Multi-label F-beta score

From: https://www.kaggle.com/arailly/multi-label-f-beta-score

Author: arailly

Calculate F score on multi-label classification task with scikit-learn and scipy.sparse


In [1]:
import numpy as np
import pandas as pd
import os

from scipy.sparse import lil_matrix
from sklearn.metrics import fbeta_score

single-label

example from scikit-learn fbeta_score

In [2]:
y_true = [0, 1, 2, 0, 1, 2]
y_pred = [0, 2, 1, 0, 0, 1]
In [3]:
fbeta_score(y_true, y_pred, average='macro', beta=0.5)
Out[3]:
0.23809523809523805

multi-label

In [4]:
y_true = [[0, 1], [1], [1, 2], [0], [1], [0, 2]]
y_pred = [[0], [0, 2], [1, 2], [2], [0, 1], [1, 2]]
In [5]:
# fbeta_score(y_true, y_pred, average='macro', beta=0.5)
# -> ValueError: You appear to be using a legacy multi-label data representation. Sequence of sequences are no longer supported; use a binary array or sparse matrix instead.

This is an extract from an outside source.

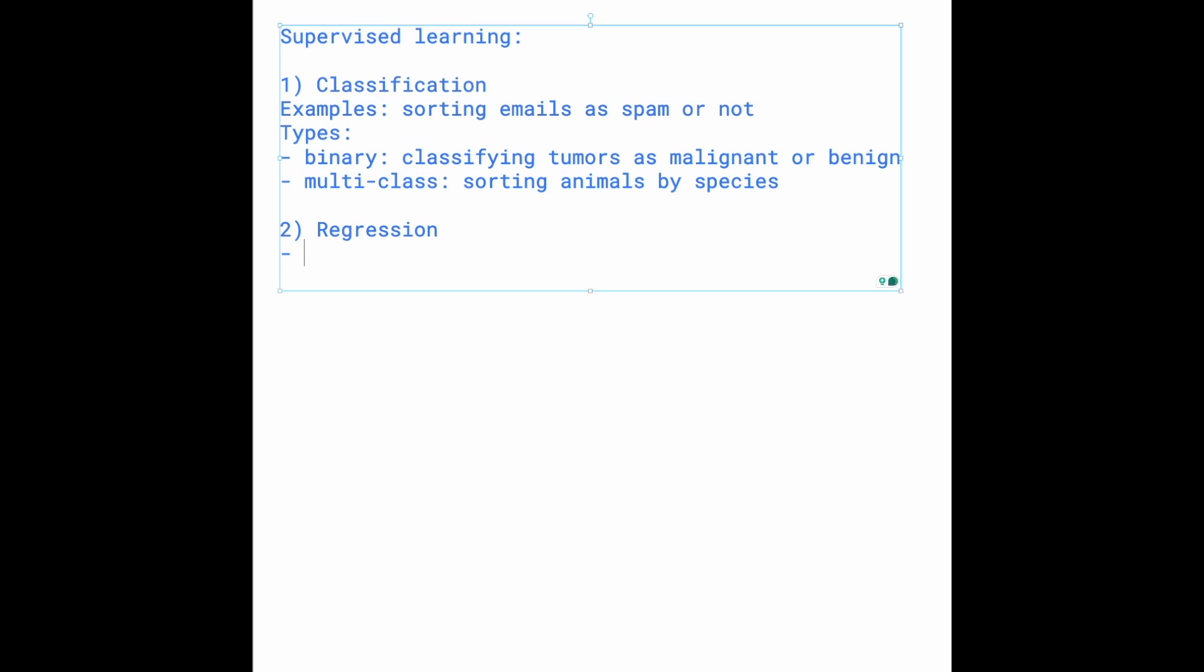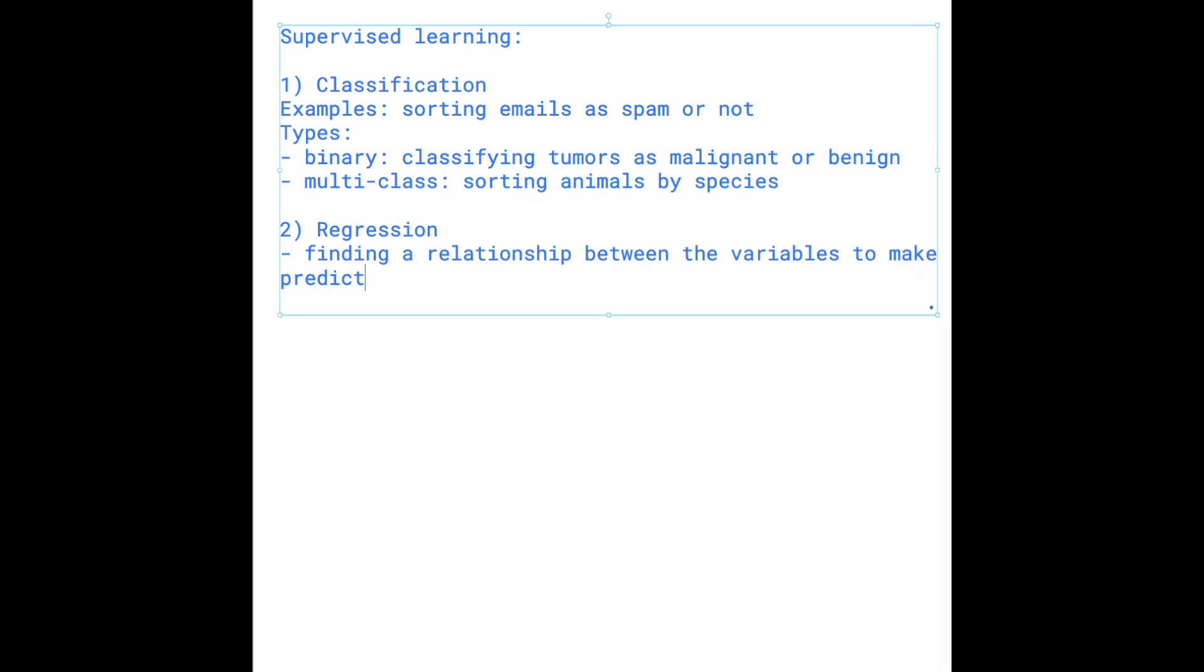You can think of it as finding a relationship between the variables to make predictions. Good examples of these can be predicting the price of a house based on its size, location, number of bedrooms, and all those different variables.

Convert into sparse matrix

In [6]:
def label_to_sm(labels, n_classes):
    sm = lil_matrix((len(labels), n_classes))
    for i, label in enumerate(labels):
        sm[i, label] = 1
    return sm
In [7]:
y_true_sm = label_to_sm(labels=y_true, n_classes=3)
y_true_sm.toarray()
Out[7]:
array([[1., 1., 0.],
       [0., 1., 0.],
       [0., 1., 1.],
       [1., 0., 0.],
       [0., 1., 0.],
       [1., 0., 1.]])
In [8]:
y_pred_sm = label_to_sm(labels=y_pred, n_classes=3)
y_pred_sm.toarray()
Out[8]:
array([[1., 0., 0.],
       [1., 0., 1.],
       [0., 1., 1.],
       [0., 0., 1.],
       [1., 1., 0.],
       [0., 1., 1.]])
In [9]:
fbeta_score(y_true_sm, y_pred_sm, average='macro', beta=0.5)
Out[9]:
0.5046296296296297

yay!